I have been reading Turgenev again and dipping occasionally into Avraham Yarmolinsky’s thorough and discerning evaluation of him. It was a great advantage to the Russian novelists that they were obliged to react to the Russian question; a great advantage, too, that the Russian question was to become a universal one: the question of the rise of the masses. The consequence is that Turgenev’s political novels—especially Rudin and even Fathers and Sons—are less dated outside of Russia than they are inside it, for we can afford to ignore the detail of their historical context. I first read Rudin during the Spanish Civil War and, when he died on his foreign barricade, Rudin seemed to me (and still does seem) one of “the heroes of our own time.” At the end of all Turgenev’s political stories one may detect the invisible words “And yet …” left there by his hesitant and tentative genius. He is so close to the ripple of life’s process of becoming that at the very moments of decision, departure, farewell, he seems to revise and rejuvenate. The leaf falls, but the new bud is disclosed beneath the broken stalk.

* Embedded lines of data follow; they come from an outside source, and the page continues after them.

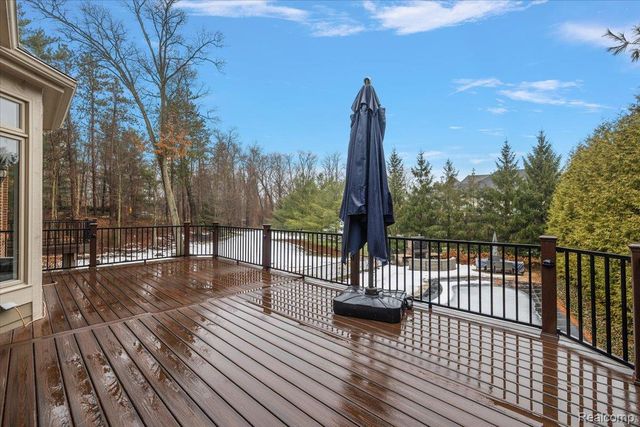 3303 Timberlake Drive, Commerce Charter Township, MI 48390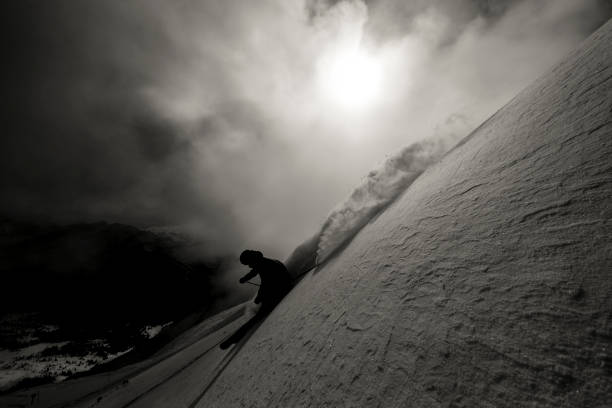 esquiador sertanejo desce montanha snowy ridge - telemark skiing skiing ski moving down - fotografias e filmes do acervo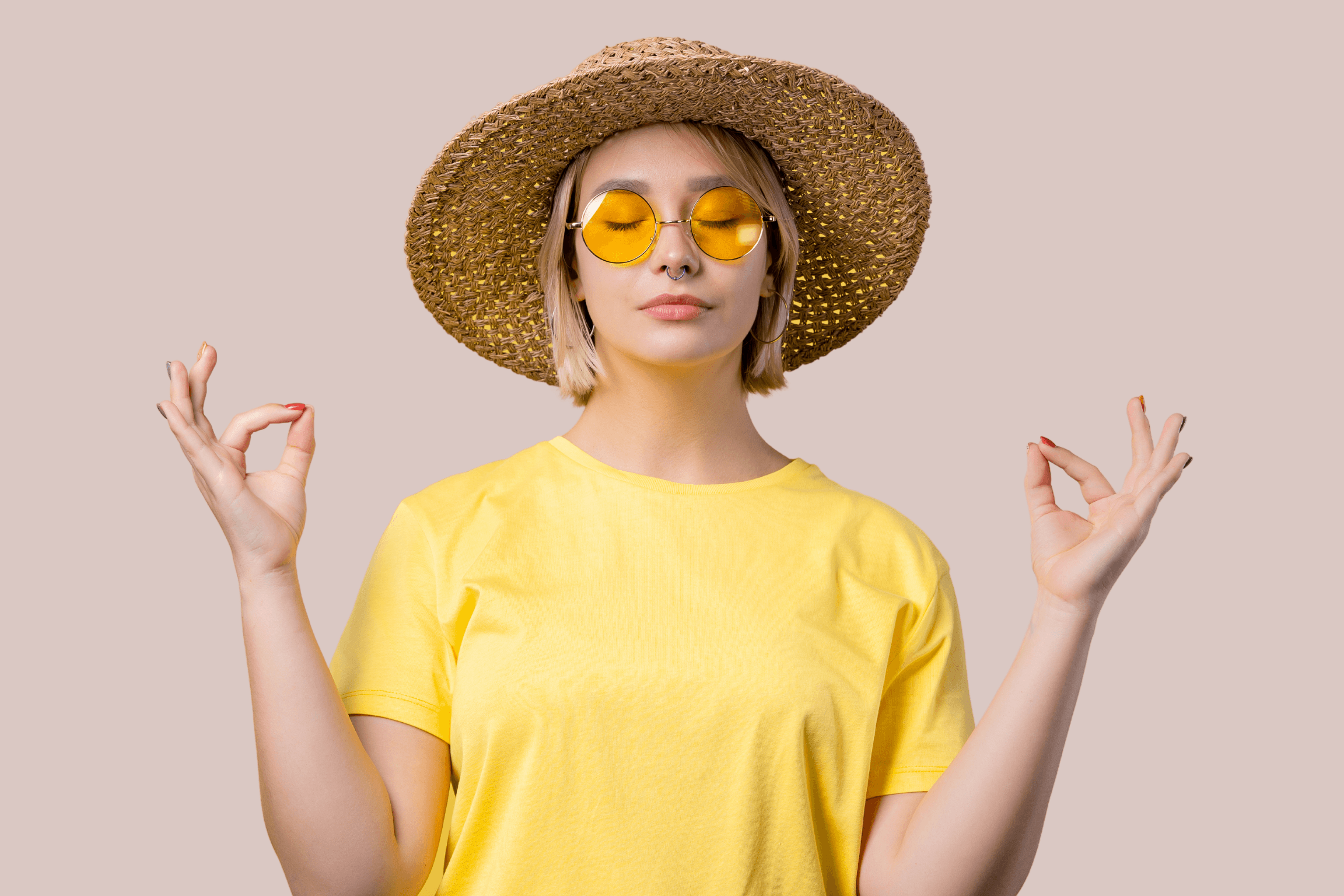 Une femme en position de méditation,debout, les yeux fermés, les mains en position de mudra. Elle exprime la relaxation, l’apaisement et un profond équilibre intérieur, pouvant être obtenus grâce à la sophrologie et la respiration.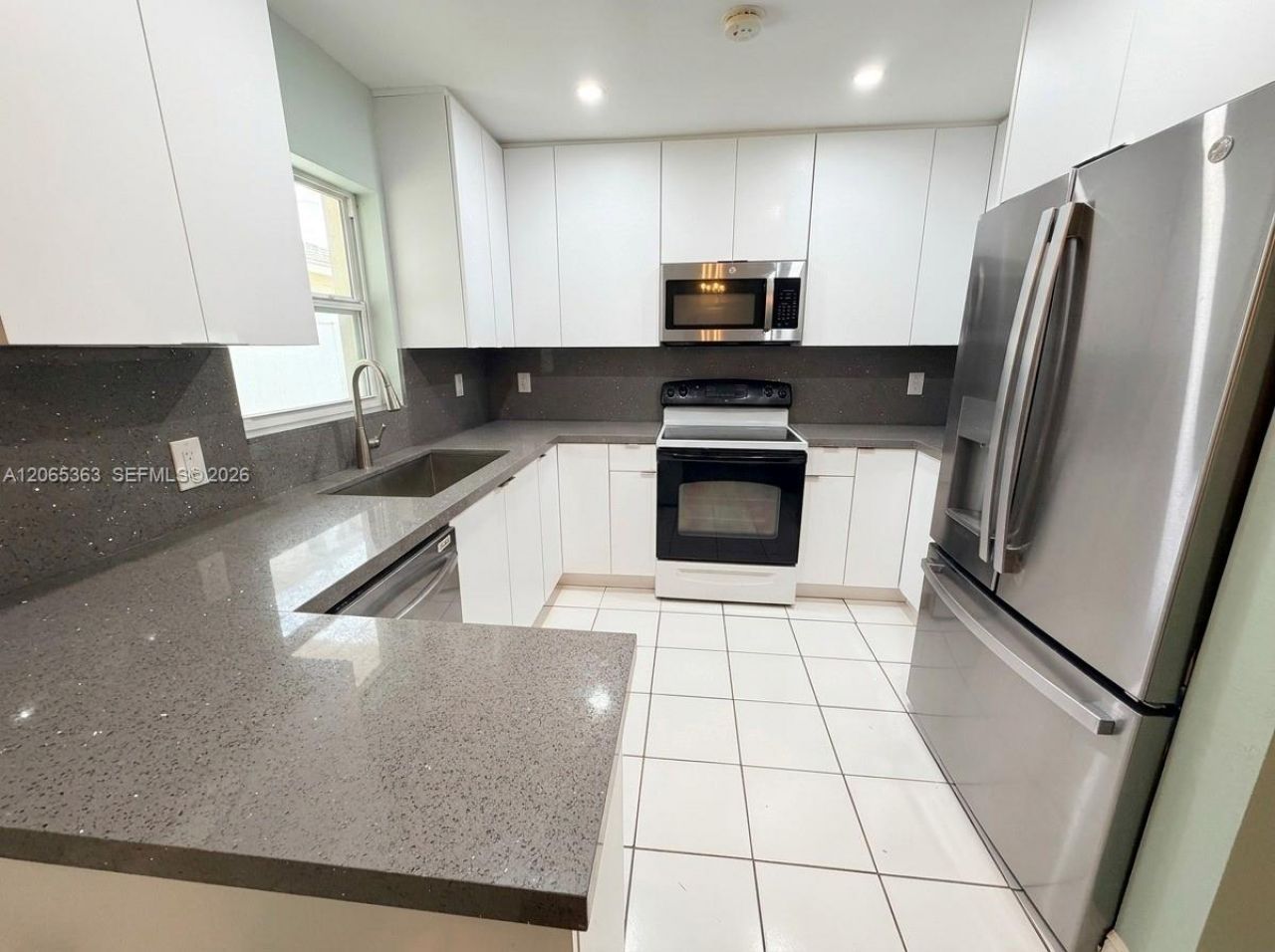 6831 Farragut St, Hollywood, FL 33024 Photo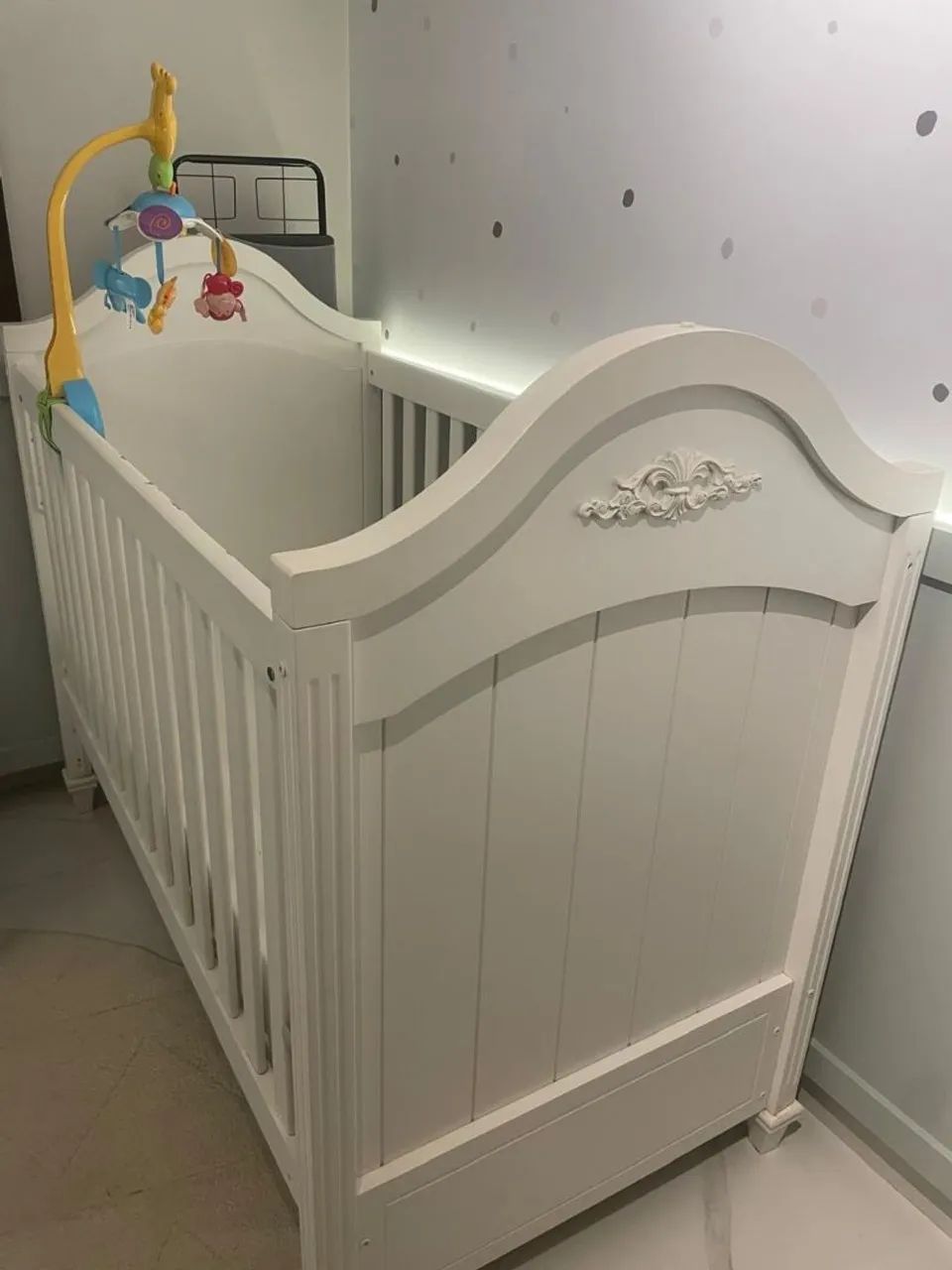 Berço em madeira (Dolce Spazio) na cor Branca com colchão e kit de  berço masculino  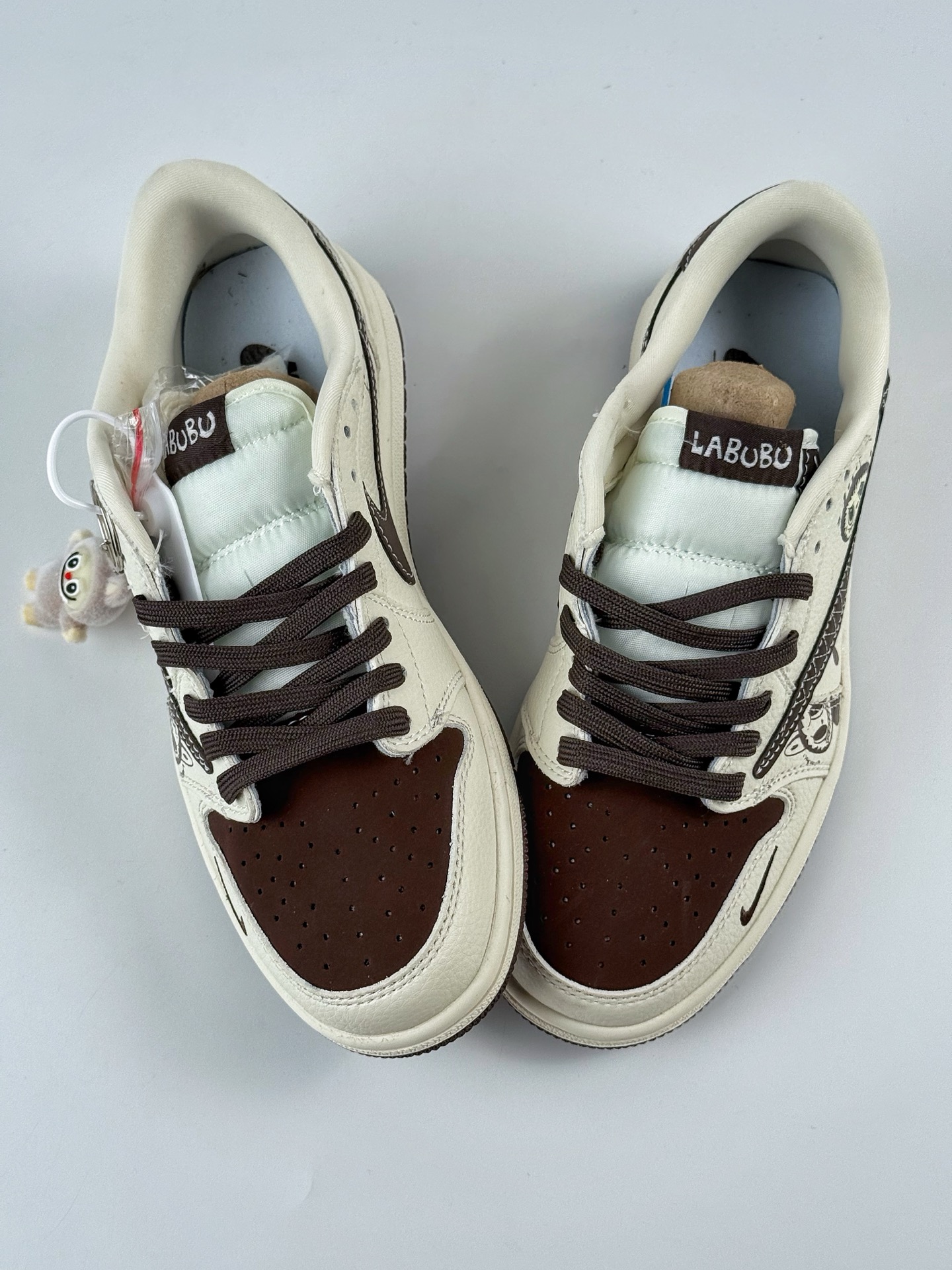 Travis Scott x Nike Air Jordan 1 Low x LABUBU Air Jordan 1 Low 反转白棕小勾拉布布倒钩  XS2025-051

Turgenev solved the Russian problem for himself, as he solved his personal question by an ingenious psychological trick. It is rather irritating, it is a little comic when we see it in the light of his personal character, but it was serious and successful. It was the trick of assuming a premature old age. Now this device was a legacy of Byronism. One can see how it must have infuriated his younger contemporaries to hear him declare that at thirty-five his life was finished; and then to have him live another thirty years in full possession of his gracious and pertinent faculties. The trick was a kind of alibi. For behind the mist of regret, that autumnal resignation, the tenderness and the wave of the scented handkerchief in a good-bye that was never quite good-bye, there was a marksman’s eye. Yarmolinsky speaks of him stalking his characters as he stalked his grouse on the steppe of Orel or Kaluga. Every time he picks off his man and notes, as he does so, his place in the Russian fauna. Look at this from A Nest of Gentlefolk:
I want above all to know what you are like, what are your views and convictions, what you have become, what life has taught. (Mihalevitch still preserved the phraseology of 1830.)
The comic side of this adroit sense of time—so precise, so poetic and moving in his writing—comes out in Turgenev’s private life. His autumnal disguise enabled him to give his large number of love affairs a protective fragility. The autumn is the hunting season.
A Sportsman’s Sketches, A Nest of Gentlefolk, Fathers and Sons—those are the perfect books. Turgenev is the poet of spring who eludes the exhausting decisions and fulfilments of summer and finds in the autumn a second and safer spring. He is the novelist of the moments after meetings and of the moments before partings. He watches the young heart rise the first time. He watches it fall, winged, to the common distorted lot. The young and the old are his fullest characters: the homecoming and death of Bazarov and the mourning of his parents are among the truest and most moving things in literature. To this tenderness, this capacity to observe the growth of characters and the changes of the heart, as the slow days of the steppe change into the years that rattle by in Petersburg or Baden, there is, as I have said, a shrewd, hard-headed counterpart, the experienced shot:
In the general the good-nature innate in all Russians was intensified by that special kind of geniality which is peculiar to all people who have done something disgraceful.
Or:
Of his wife there is scarcely anything to be said. Her name was Kalliopa Karlovna. There was always a tear in her left eye, on the strength of which Kalliopa Karlovna (she was, one must add, of German extraction) considered herself a woman of great sensibility.
Or:
Panshin’s father, a retired cavalry officer and a notorious gambler, was a man of insinuating eyes, a battered countenance, and a nervous twitch about the mouth.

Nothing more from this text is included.